What software can I use to plot functions? Excel and matplotlib seem to only plot data points. gnuplot plots simple functions but not the generalized harmonic number, which I need, e.g., H(n,1.5). It would be great if this software can also plot inverse functions, e.g. x=f(y) on a normal x-y axis to overlay on a normal y=f(x) plot.
posted by tasty to Technology (13 answers total) 5 users marked this as a favorite
 
I'm not a math whiz, but SAGE might be worth a shot?
posted by tmcw at 2:36 AM on December 4, 2009


This is also the kind of thing that R probably does.
posted by tmcw at 3:14 AM on December 4, 2009


Mathematica
posted by dfriedman at 3:15 AM on December 4, 2009


Have you tried wolfram alpha? Will probably cost you less than mathematica..
posted by 3mendo at 3:16 AM on December 4, 2009


Actually 3mendo is right. Wolfram Alpha should do this.
posted by dfriedman at 3:19 AM on December 4, 2009


Octave?
posted by Electric Dragon at 3:59 AM on December 4, 2009


Sage, R, and SciLab are all free OSS packages that should handle this, but check out appropriate software package's used by Sage, as their native documentation might proove more relevant.
posted by jeffburdges at 4:05 AM on December 4, 2009


If you use or have access to a Mac, Grapher might meet your needs. It's included with OS X.
posted by telegraph at 4:43 AM on December 4, 2009


Wolfram Alpha's output
i wish i had a clue what this is, but it sure look pretty.
posted by 3mendo at 4:58 AM on December 4, 2009 [2 favorites]

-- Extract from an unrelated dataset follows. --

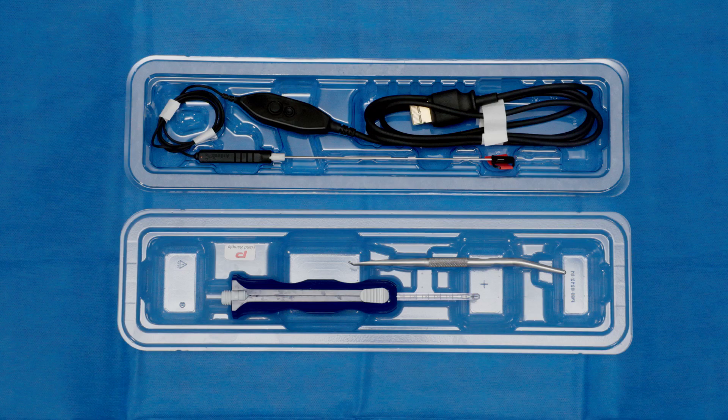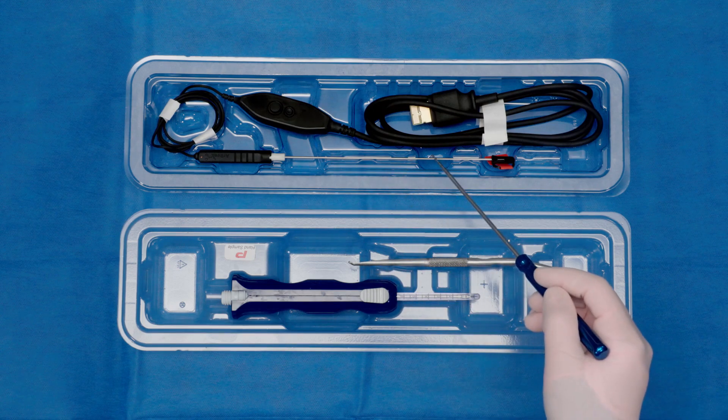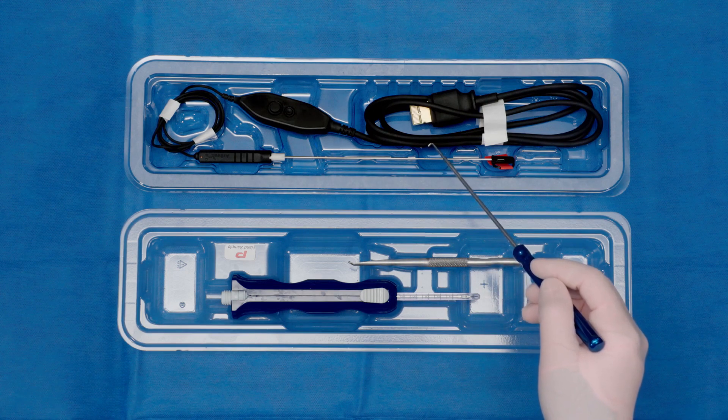This is a fully disposable endoscopic carpal tunnel release kit. In this one set, there are three items: a centerline release handpiece, a dilator as well as the elevator, and the 180-millimeter nanoneedle scope.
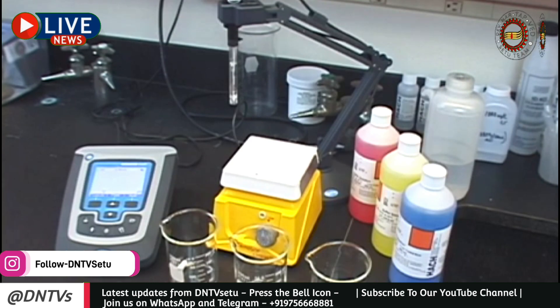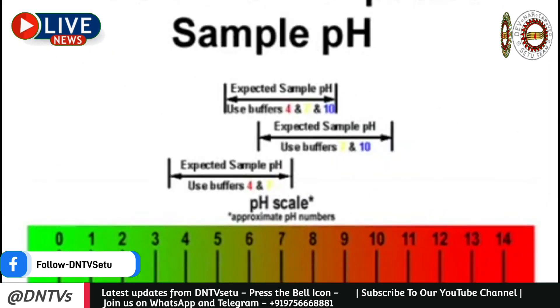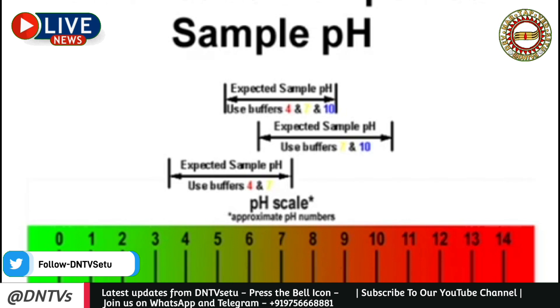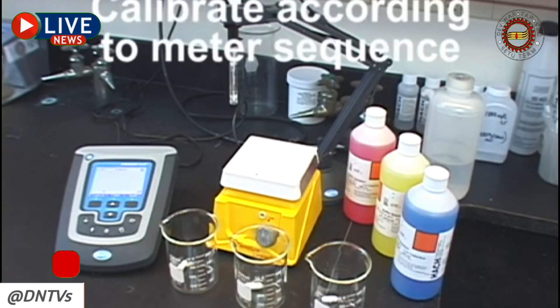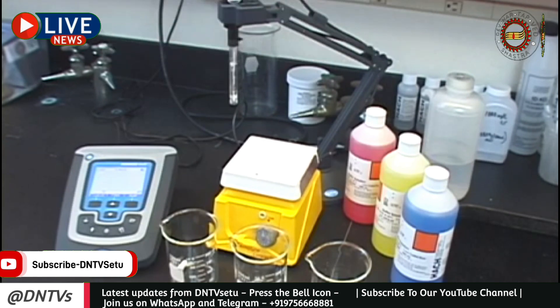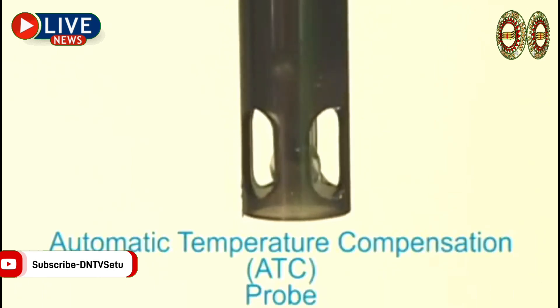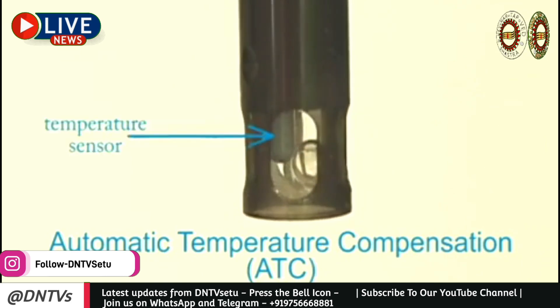Now let's discuss the importance of using the correct buffer values for your calibration. Ideally, you'll want your calibration points to bracket your expected sample pH. For example, if your expected sample pH is 8, calibrating with the 7 and 10 buffer is sufficient. If you expect measurements to fall between 6 and 8, consider a three-point calibration using the 4, 7, and 10 buffers. Always calibrate in the sequence specified in your meter's user manual; if no sequence is stated, calibrate from the lowest pH to the highest. Remember, pH is temperature dependent — a simple way to address this is by using automatic temperature compensating, or ATC, probes, which ensure an accurate reading at any temperature.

The 'curve' function in R plots functions (I discovered it this morning).
posted by a womble is an active kind of sloth at 6:09 AM on December 4, 2009


Matlab does plot (essentially continuous) functions: e.g., ezplot.
posted by sentient at 11:44 AM on December 4, 2009


(oops, thought you mentioned Matlab.)
posted by sentient at 11:46 AM on December 4, 2009


Response by poster: Thanks everyone. I was looking into graphing applications and it did not occur to me to try the math applications.

I was able to do this using Mathematica. Wolfram Alpha seemed good but I could not get it to plot 2 expressions on one chart.